Directed by Debra Pascali-Bonaro
[2009, Westlake Village, California: Seedsman Group; 85 minutes, DVD.]
[Review first published in Midwifery Today Issue 92, Winter 2009/2010, © 2009, Midwifery Today, Inc. Review by Jan Tritten.]
This powerful film shows several lovely ecstatic births with happy and satisfied mothers, in both home and hospital situations. The great narration by well-known midwives, doctors and activists adds a tremendous amount of information to the film, which depicts the medicalization of childbirth in the hospital as well as the sweet intimacy between each of the couples. Each labor and birth included here looks different from each of the others, because it is a manifestation of that woman’s own birth. This difference is often lacking in hospital births, where medical routines disturb the personality of birth. One woman in the film said, “Feel definitely God is in the room or something.” Many of these women got to announce their baby’s sex at birth, rather than being told by the practitioner!
I love the quote by Dr. Marsden Wagner, “We are really messing with nature, big-time.”
It is painful to see women put their lives and their babies’ lives in the hands of medical people doing all the wrong things. This film shows a few typical hospital births. It explains how 90% of mothers end up with an epidural, and discusses the dangers of this practice. As Dr. Christiane Northrup says, “If your pelvis is numb, it doesn’t work right.” And Marsden Wagner says, “If you take pain away, the whole system is gone.” In birth centers, the use of water has been found to speed up labor while decreasing the pain. This creates a very different scenario.
Ina May Gaskin says that there is a body of knowledge that women have and that doctors don’t.
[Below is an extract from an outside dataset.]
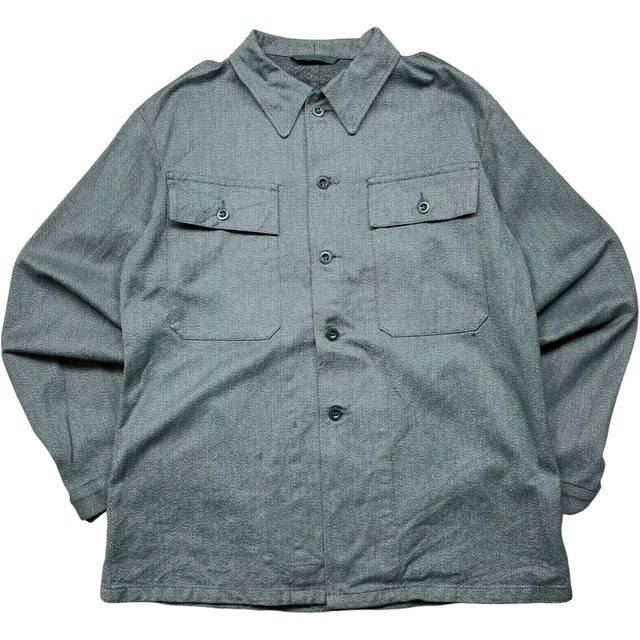 《L》 スイス軍 ミリタリーデニムジャケット 後期 90年代 vintage no.4958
Bringing a woman to an optimal physical state for giving birth, with prenatal care, helps her to also be in an optimal place, emotionally, to give birth.
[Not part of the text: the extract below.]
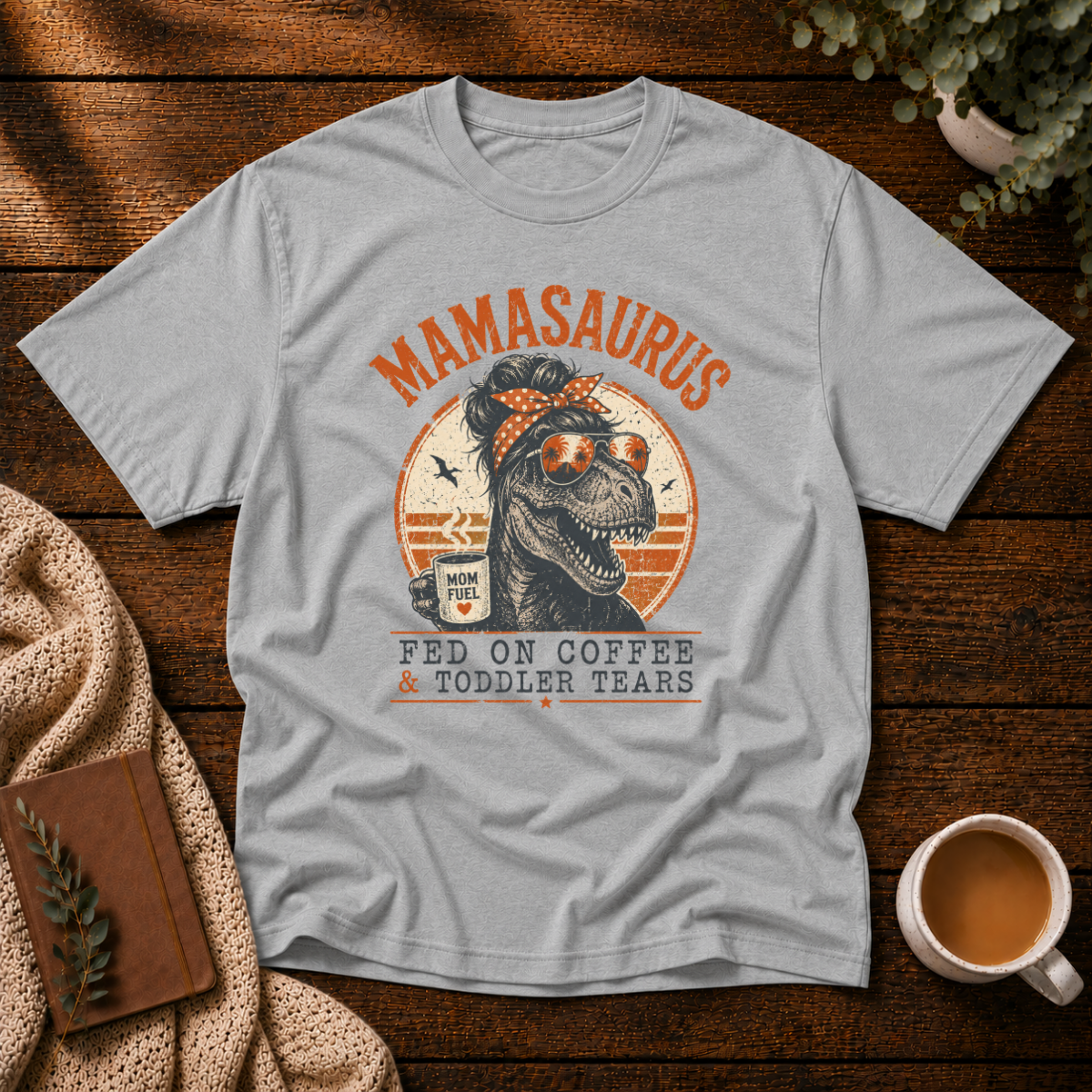 Mamasaurus + Toddler T-Shirt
This film also deals with the difficult issue of sexual abuse. The woman portrayed in the film wanted to feel safe during her birth. She knew she would have flashbacks. Ideas of “let go” and “surrender” were horrible reminders for her. But she had an out-of-hospital birth, and felt transformed. The film subtly shows the dangers of hospital birth, without coming right out and saying it.
Elizabeth Davis mentions the need for privacy. The highest level of oxytocin (or “love hormone”) is present just after a woman gives birth. Davis states, “It’s an ecstatic place.”
This film is a great way for a family to learn a lot about birth in a short period of time. Davis says, “We have to get the truth out about birth.” This film does a great job of doing just that. All mothers-to-be should see this film before they give birth and, preferably, before they choose their midwife or doctor.
This film has the potential to change the world of birth—thereby changing the world!
Reviewer Jan Tritten is the publisher and editor-in-chief of Midwifery Today magazine.